Qualcuno si chiede se per caso tale caratteristica sia da valutare come essenziale o obbligatoria sempre al momento della ferma. La risposta è negativa, perché potrebbe capitare che il cane si trovi a ridosso della selvaggina e quindi debba fermare di scatto, non potrebbe farlo con morbidezza altrimenti rischierebbe lo sfrullo. Quando mi sono riavvicinato al bracco negli ultimi anni, osservando alcuni soggetti impegnati nelle prove ufficiali, sono spesso, molto spesso, rimasto sconcertato nell’osservare la loro andatura contraddistinta da un trotto secco, con movimenti meccanici. Ad osservarli sembrava di vedere una registrazione portata avanti in modalità fast. Da profano lì non ho visto nulla che mi facesse pensare al bracco italiano mentre giudici, conduttori e allevatori sembravano piacevolmente colpiti e compiaciuti del lavoro fatto, contenti loro! Ho così avuto timore di riprendere un bracco italiano, timore di trovarmi tra le mani soggetti che per me sono snaturati e la cui andatura proprio non sarei riuscito a sopportare.
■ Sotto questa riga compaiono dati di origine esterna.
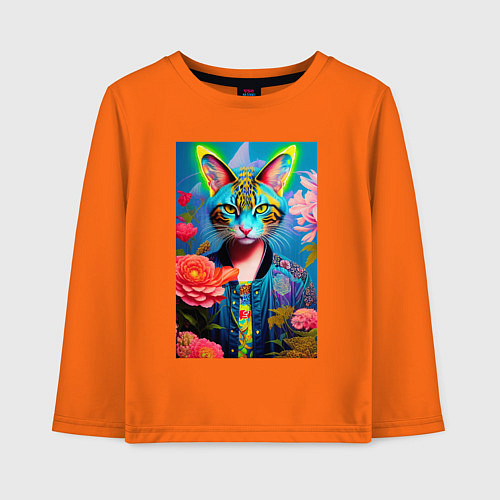 Детский лонгслив Кошачья мода - нейросеть - живопись / Оранжевый – фото 1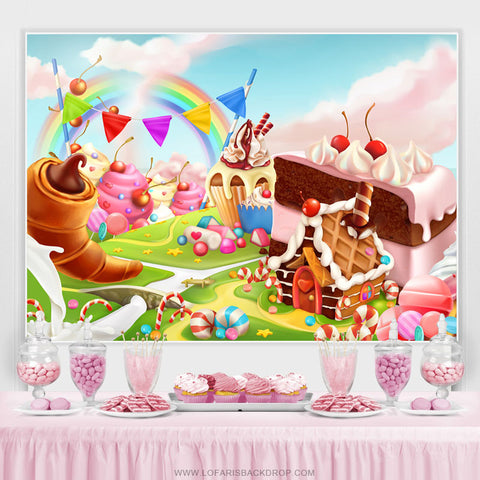 Doux Nuage Ciel Candy Land Monde Anniversaire Toile de Fond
Fortunatamente il soggetto che ho attualmente per le mani mi soddisfa, rientrando il suo stile nella mia idea di caccia con un bracco italiano, pur con i suoi eccessi, impetuosità e la sua testardaggine peccati veniali legati alla giovane età e sicuramente al mio atteggiamento naif in fase di addestramento.
La filata e la guidata
Durante la fase di cerca, dopo aver alternato galoppo a trotto spinto o stilato, una volta entrato in zona di effluvio, il bracco italiano rallenterà al passo e sempre più lentamente mettendo un passo dopo l’altro, delicatamente, come per timore di far rumore. Captata l’emanazione olfattiva con l’azione della filata il nostro bracco, sviscererà la molecola odorosa cercando di risalire alla fonte. Quest’ultima azione prevede un atteggiamento estremamente cauto dell’ausiliare, che a dispetto della mole e della stazza si muoverà con estrema delicatezza per non far rumore, per lasciarci godere il momento, per darci il tempo di prepararci a quell’ultimo suggello che sarà la ferma, preludio della partenza del selvatico. È questo un aspetto che ho riscontrato anche in altre razze come il breton, solo che per queste di taglia minore, non fa impressione che si muovano senza far rumore, mentre per un cane di stazza come il bracco italiano la cosa è sicuramente molto più caratteristica e di grande impatto.
Con questo atteggiamento con il collo proteso inizia la filata verso la fonte dell’emanazione odorosa fino a irrigidirsi in ferma. Solo in casi eccezionali la ferma avverrà di scatto, quando il cane capiterà nell’immediate vicinanze del selvatico, come accennato in precedenza. Adesso se il selvatico si sposta e inizia ad allontanarsi, il bracco inizierà quella fase che è detta della guidata. Si manterrà a prudente distanza, dominando sull’emanazione e avanzando come nella filata, in modo cauto schivando rami secchi e muovendosi leggero sulle foglie scricchiolanti. Ma ho avuto soggetti che mostravano atteggiamenti anche un po’ più nevrili di quanto descritto, nel senso che dopo aver percepito l’usta e aver avvicinato il selvatico con atteggiamento cauto, rompevano poi l’indugio allargando l’azione e andandolo a bloccare in ferma escludendogli ogni via di fuga. Il bracco in guidata ondeggia nel vento, ha movenze feline, sembra collegato con un filo invisibile al selvatico che quasi sicuramente è nelle vicinanze.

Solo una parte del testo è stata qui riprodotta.